Isn’t it ironic that the people who want to sell off public lands also want to stop and prevent people from selling their private land to wildlife and parks agencies? They bizarrely claim that public land’s mere existence is a de facto refutation of private property rights!

Oh c’mon! These armchair conservatives are the ones monkeying around with private property rights, when they try to stop sales of private land to public agencies.

They are “armchair conservatives” because these are people who do very little outside an air conditioned office. Maybe they ski at a ski slope with artificial snow as their outdoor lifestyle. But they do not hunt, trap, camp, canoe, fish, hike or do anything else indicating that red American blood flows in their veins. Nope, these are strictly dollars and cents on paper people, no real life experience. They’d sell you their grandma for ten bucks, too. No heart, no soul, just money money MONEY.

And that is how they see public lands: Easy money, easy development.

There is a useful story about money, I think it was about a mere thirty pieces of silver being accepted for giving up one’s soul. Something like that, with the point being that money and self enrichment isn’t our primary purpose in life, and that the people who singularly pursue these two goals are often soulless enemies of all that is good and wholesome.

Several weeks ago the Pennsylvania Supreme Court held that a local park could not be taken from the taxpayers and sold to a developer to build homes on. You’d think this is a plainly obvious forehead-slapping fact, but it demonstrates that the effort to liquidate public lands is not just a Western phenomenon, but an East Coast idiot parade, too.
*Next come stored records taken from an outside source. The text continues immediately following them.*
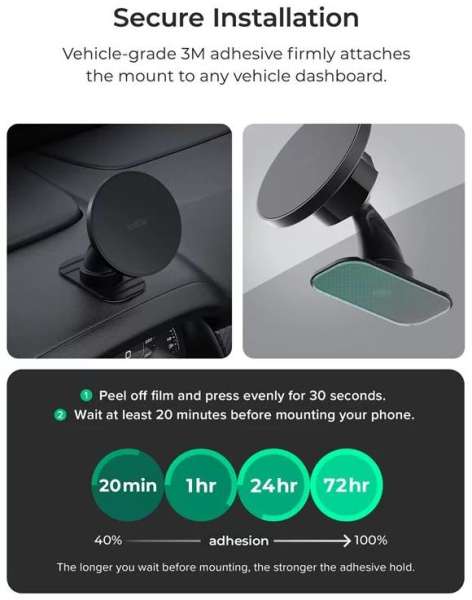 iOttie iTap 3 MagSafe Flush Mount with Magnetic Ring Adapter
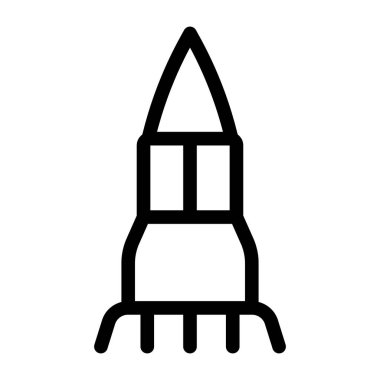 Uzay roket simgesinin vektör illüstrasyonu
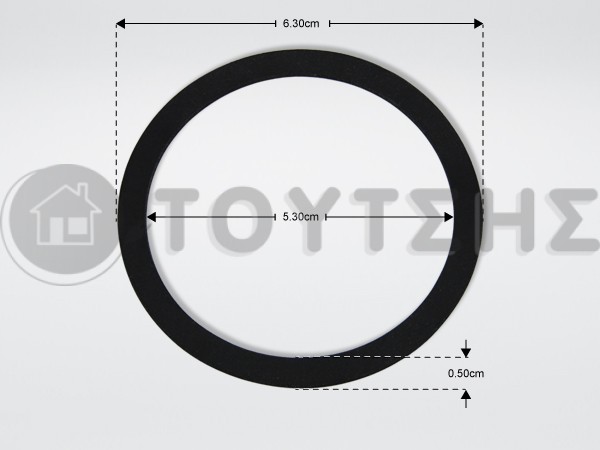 ΦΛΑΝΤΖΑ EPDM Φ 64Χ53Χ1ΜΜ image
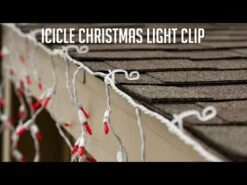 Christmas Designers Icicle Light Clip - Bag Of 100 -Christmas Decor Sale hqdefault 7 16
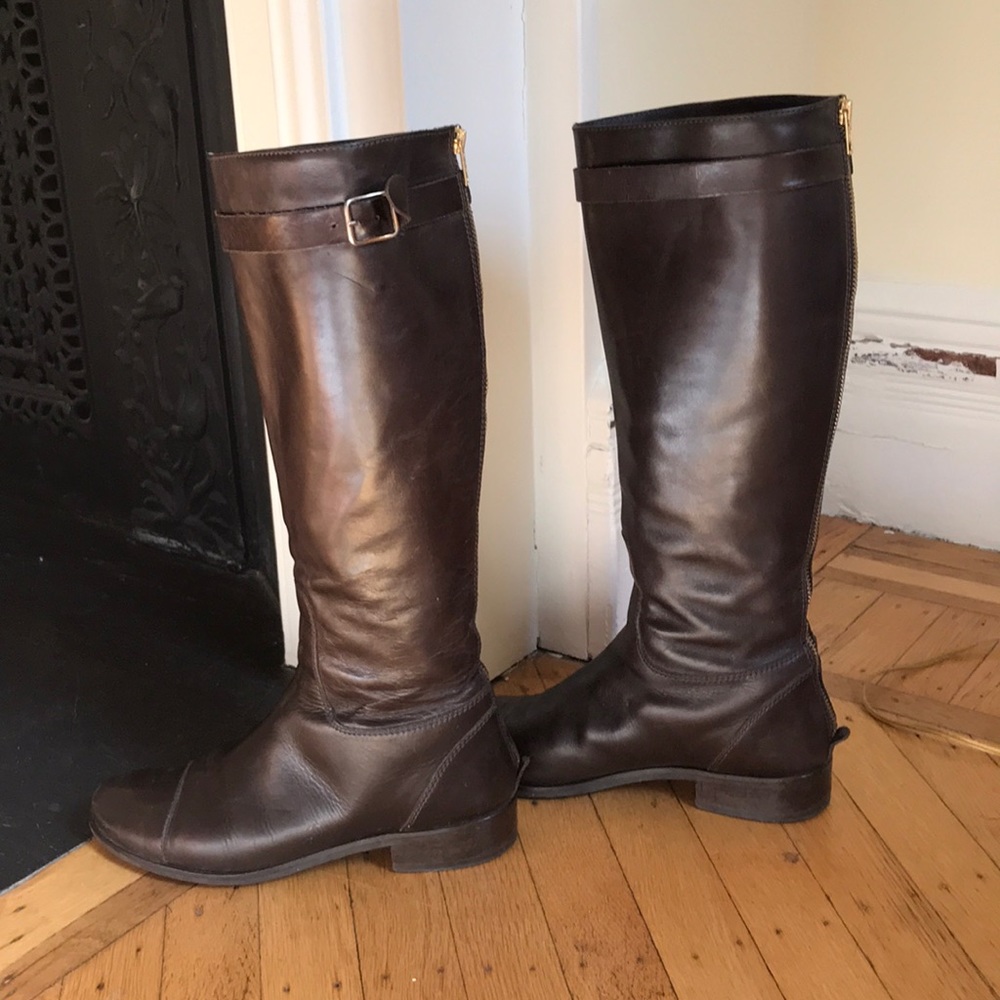 Women’s leather riding style boots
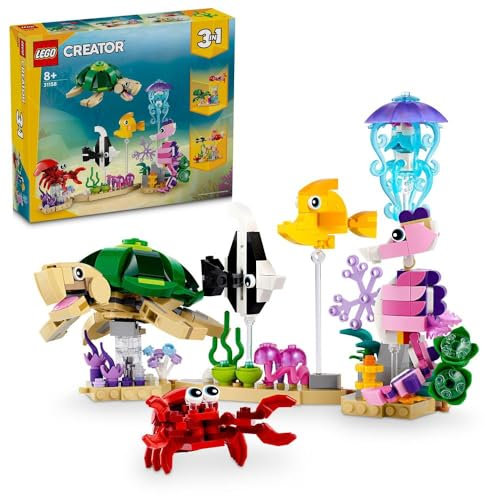 LEGO Creator 3in1 Sea Animals Building Toy Set 31158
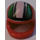 LEGO Red Crash Helmet with Black, Green and White Stripes (2446)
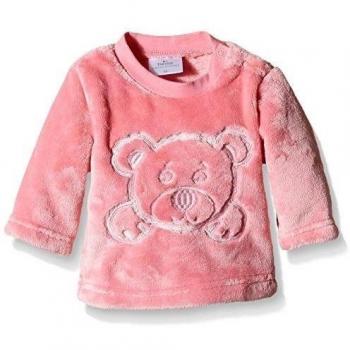 Twins in Fleece-Qualität mit Bärchen-Stickerei - suéter Bebé-Niños, Rosa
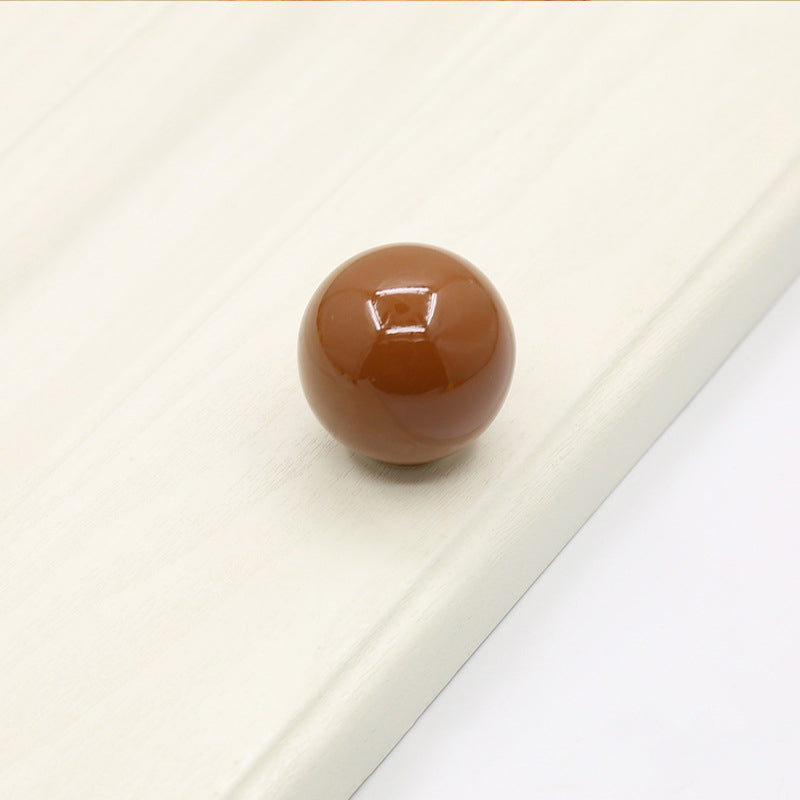 Colorful Ceramic Ball Round Cabinet Knobs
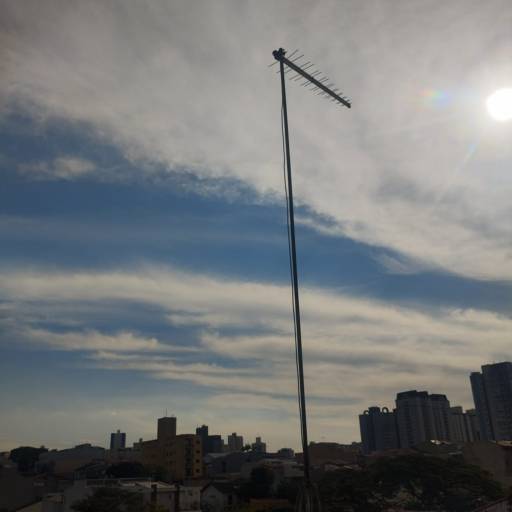 Antena proeletronic 38 elementos instalada para dois pontos no Bairro Vila Pires Santo André em 13/05/2026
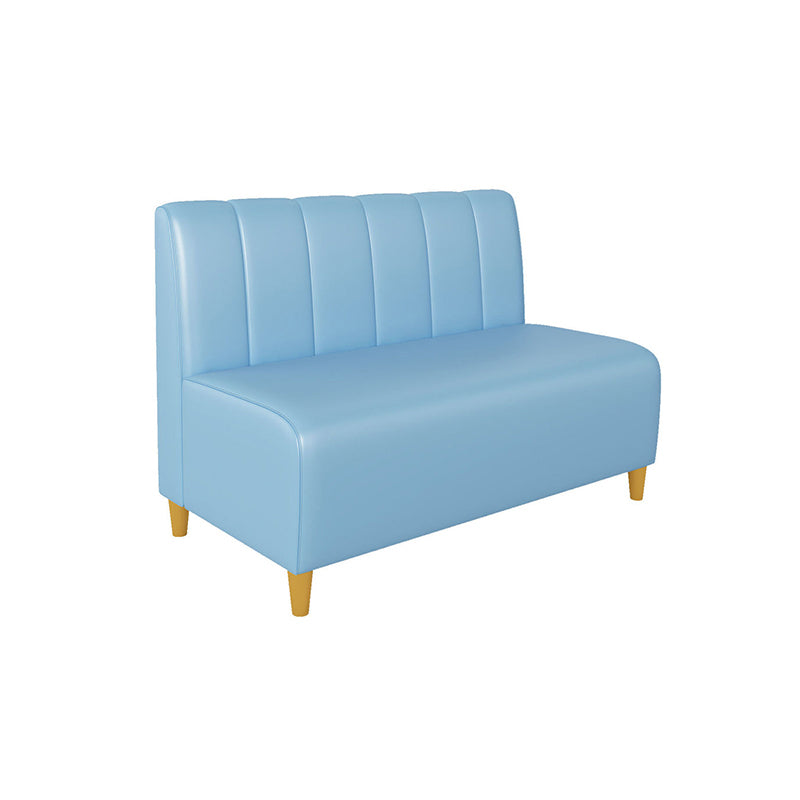 Genuine Leather Sofa Contemporary Sofa with Solid Wooden Feet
Fortunately, the new US Department of Interior secretary does not believe in selling off public lands, unlike the other candidate who was on her way to being nominated before this issue tripped her up with the Trump Administration. The new Interior secretary, Ryan Zinke, is a retired Navy SEAL, hunter, and Western outdoorsman. He knows personally how important public land is to the identity of Americans everywhere.

Let’s hope Zinke can help his fellow Republicans wake the hell up on this issue, that our public lands are not for sale, before these fools get a good dose of electoral comeuppance from the American people who are barbequeing, hiking, biking, camping, fishing, and star gazing on public lands from sea to shining sea right now.